- GIVEN DATA -

----------

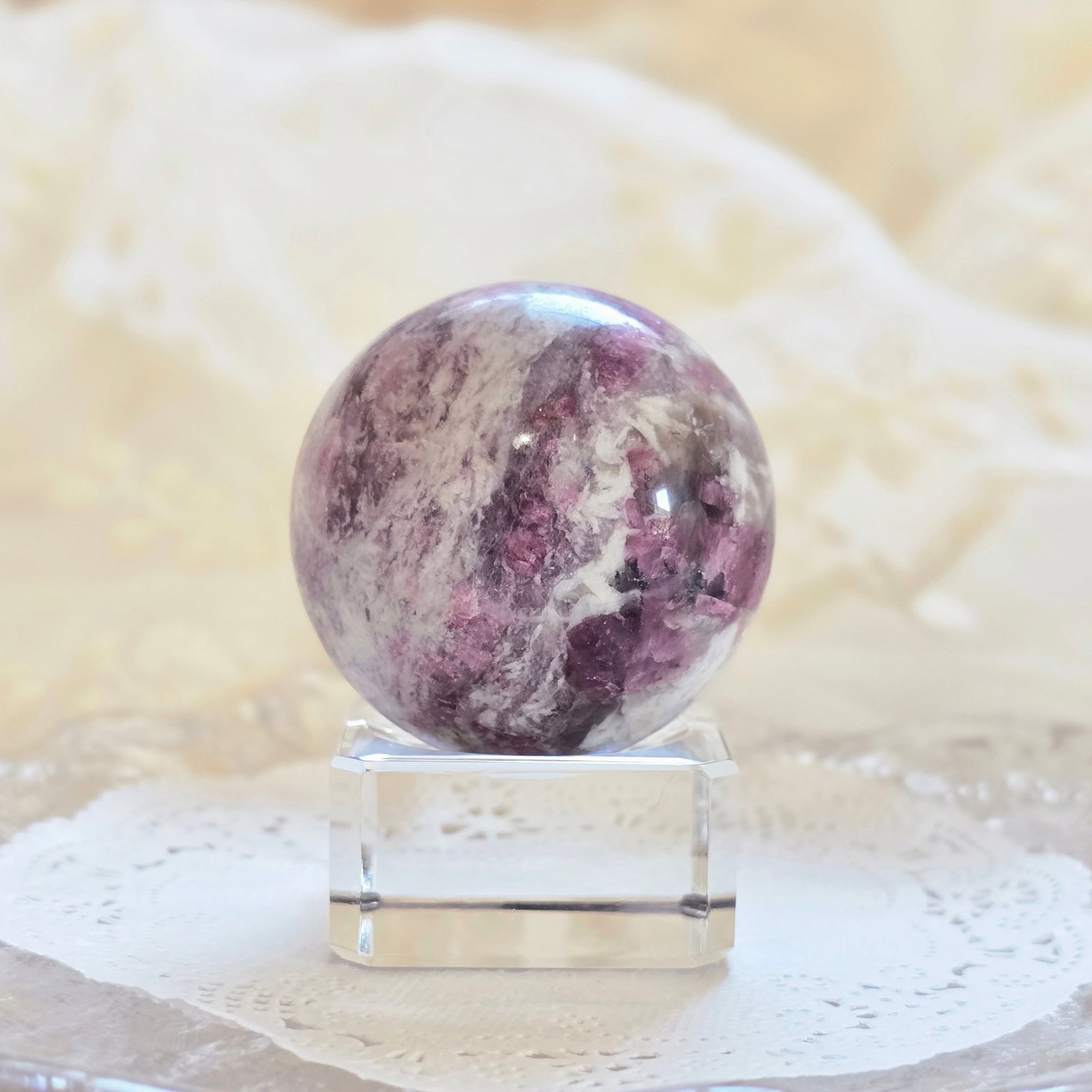 ブラジル産 アイオライト スフィア 高品質 ◎星空の煌めき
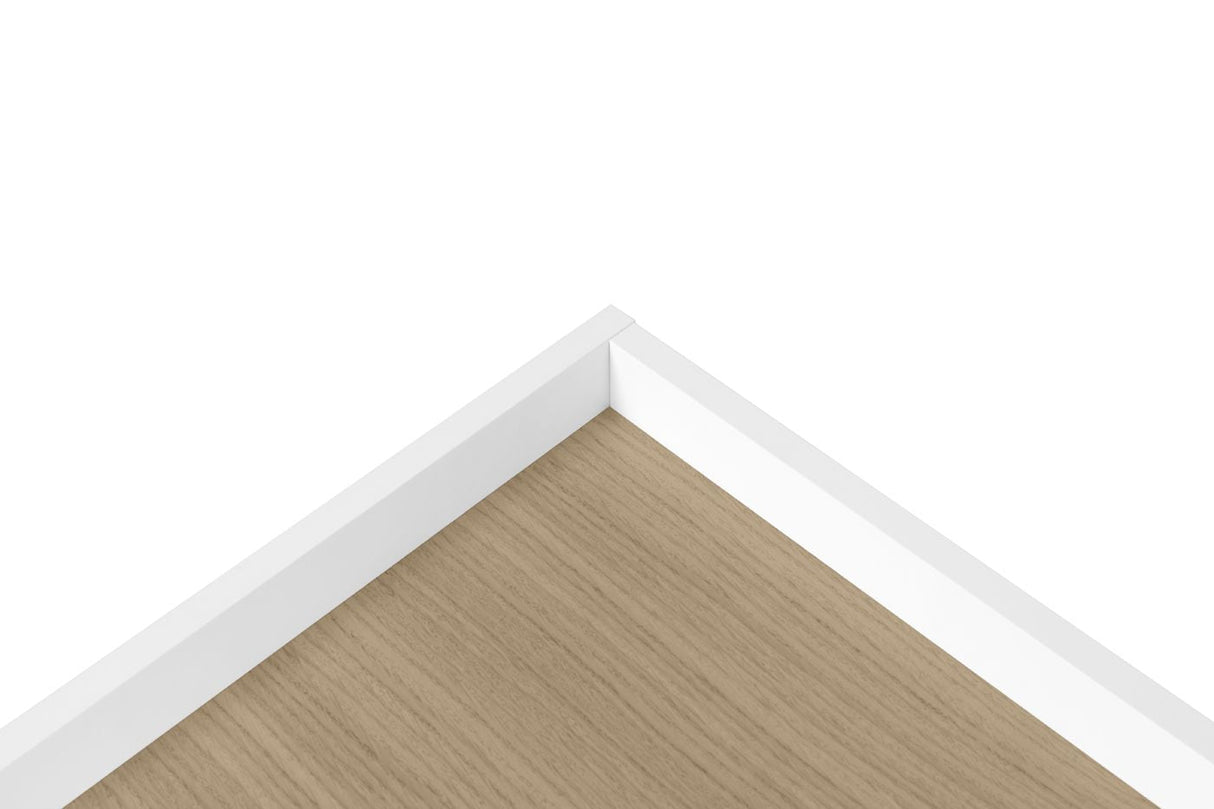 Temahome Nina skänk - Light Oak Veneer/Matte White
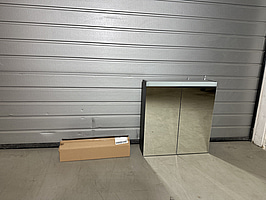 SPEGELSKÅP CAMARGUE ARK GRÅ MATT 60CM
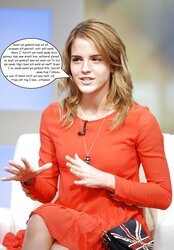 Emma Watson Caption Mingle (female dom, ladyboy, vicious, vanilla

----------

- ASSIGNMENT -
Everything in the data except the pictures must be transcribed exactly.

- ANSWER TO THIS EXERCISE -
 ブラジル産 アイオライト スフィア 高品質 ◎星空の煌めき
 Temahome Nina skänk - Light Oak Veneer/Matte White
 SPEGELSKÅP CAMARGUE ARK GRÅ MATT 60CM
 Emma Watson Caption Mingle (female dom, ladyboy, vicious, vanilla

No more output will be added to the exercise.